I’m not sure what your point is with those two quotes. Are you trying to say that OrphanWilde already addressed what I was saying? If so, the points are different: Orphan was discussing was how distinct groups have different standards. The point I was making that in small geographic areas one can have a large number of groups with different standards that all have to interact with each other. And the example of the Modern Orthodox showed, even within a small, superficially uniform group, there can be a lot of variation.
The earring signal has been completely destroyed by straight people who got earrings because it was cool,
Either those straight people by wearing those earrings were deliberately lying about their sexual orientation (which doesn’t sound likely to me), or there wasn’t actual common knowledge about the earrings’ meaning.
That assumes that the straight people in question cared about what their piercings signaled. Given the culture of the group which popularized ear piercings in men, I’m not sure that’s a safe assumption.
Well, if I really don’t care about whether people will mistake me for a gay man, I won’t complain when they do mistake me for a gay man, either, so there’s no problem (except for the momentary confusion in gay men who were going to hit on me).
Not for you. There -is- a problem for gay men, who are no longer able to reliably interpret the signal. It directly raises the odds of rejection on the average approach based on that signal.
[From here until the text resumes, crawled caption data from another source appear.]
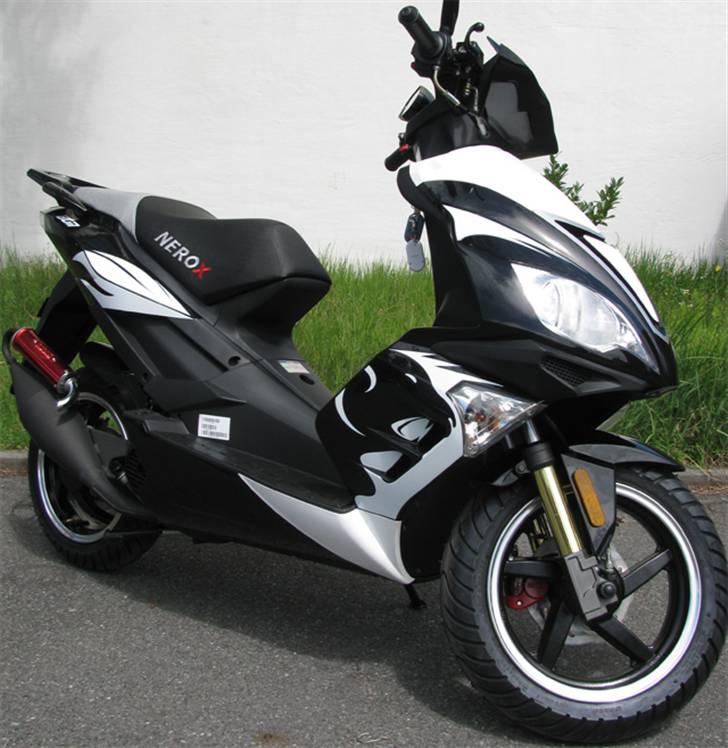 Baotian BT49QT-20 - Min nye cool scooter billede 1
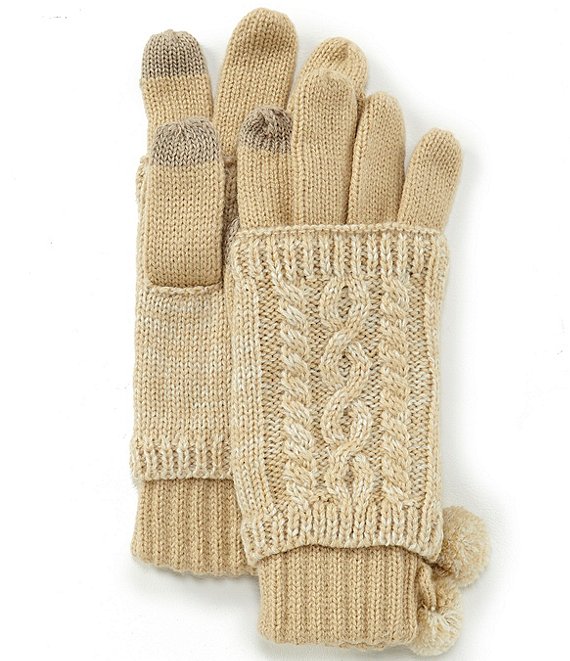 C.C. BEANIES Marled 3-In-1 Touch Gloves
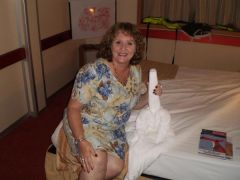 Nov. Cruise, Down 52 lbs weight 210. Did good not to gain any weight. Did not lose either, stayed the same.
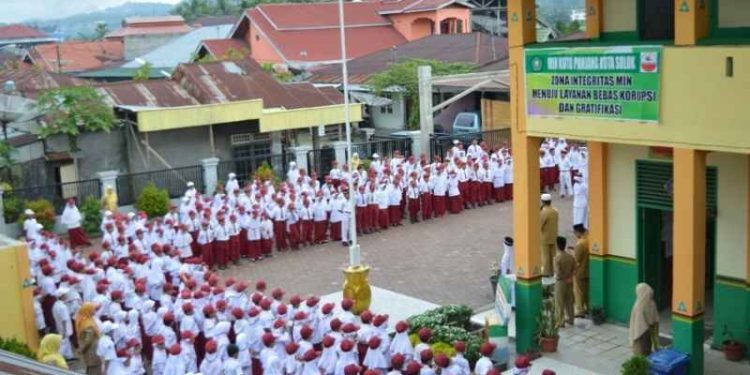 MIN Kota Solok kembali membuka Peserta Didik Baru  Tahun Pelajaran 2024/ 2025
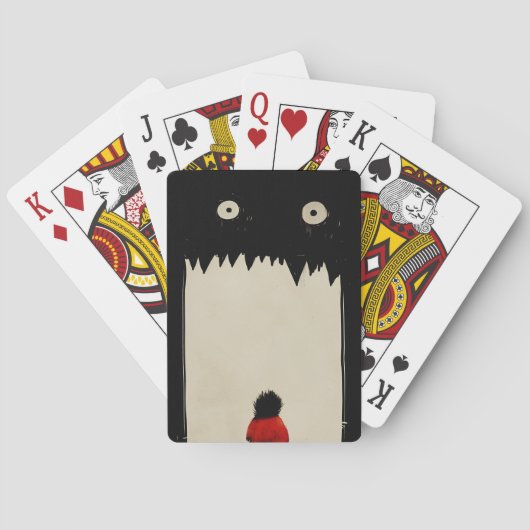 Jeu De Cartes Darnes le monstre (dos)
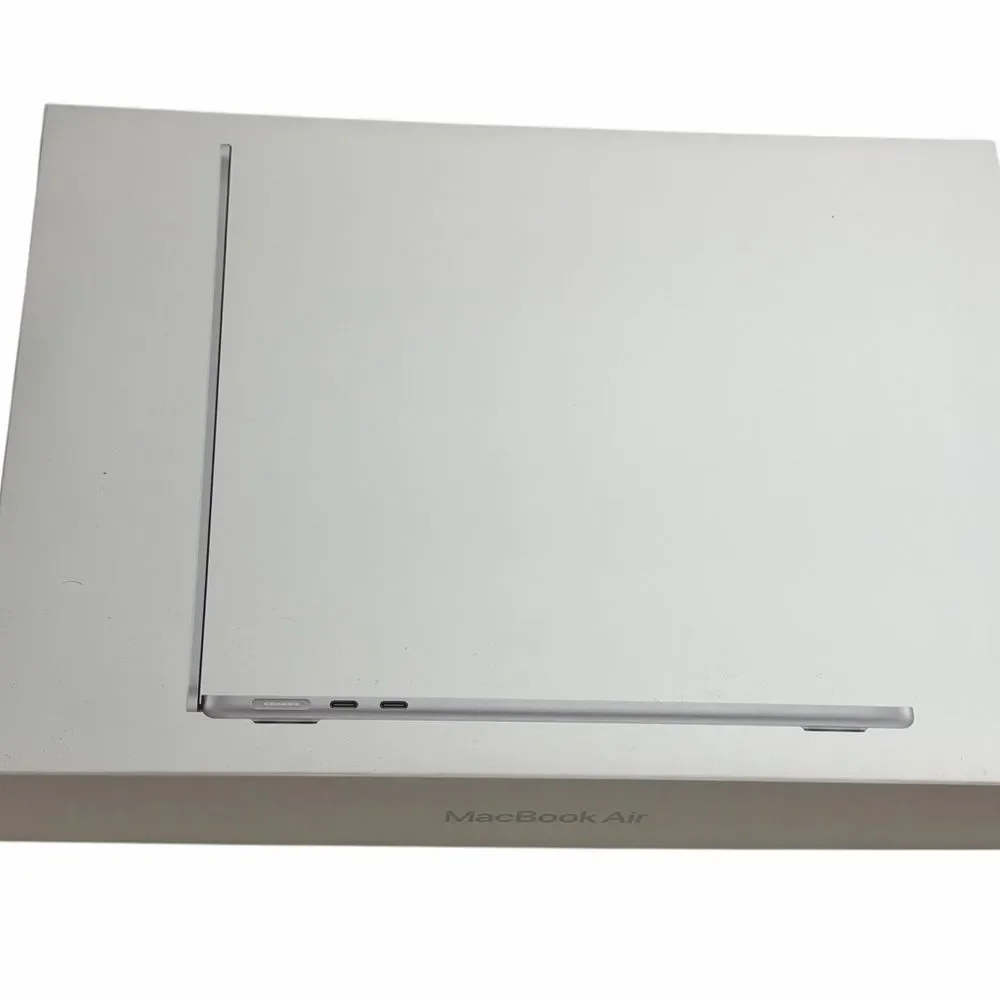 Apple MacBook Air with an M4 2025 Model Silver 13 inch EMPTY BOX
I wouldn’t care about gay men momentarily mistaking me for gay, because there is an immediate opportunity to correct the misapprehension. Attractive women mistaking me for gay, on the other hand, would be problematic. If they never strike up a conversation in the first place, you never get the chance to clarify.
I’m not sure that’s a problem. I’ve heard that women are more likely to start conversations with men they think are gay because they won’t get hit on. There are PUA techniques based to initially pretending to be gay.
I had linked “common knowledge” to the wrong place, sorry. (Fixed now.) Do you mean that not only everyone (within a given society, except for tiny minorities of non-neurotypicals and the like) knew that people dressing provocatively were communicated that they enjoyed wolf whistles, but also that everyone knew that everybody knew that, and everybody knew that everybody knew that everybody knew that, and so on, so that someone dressing provocatively would immediately lose all plausible deniability?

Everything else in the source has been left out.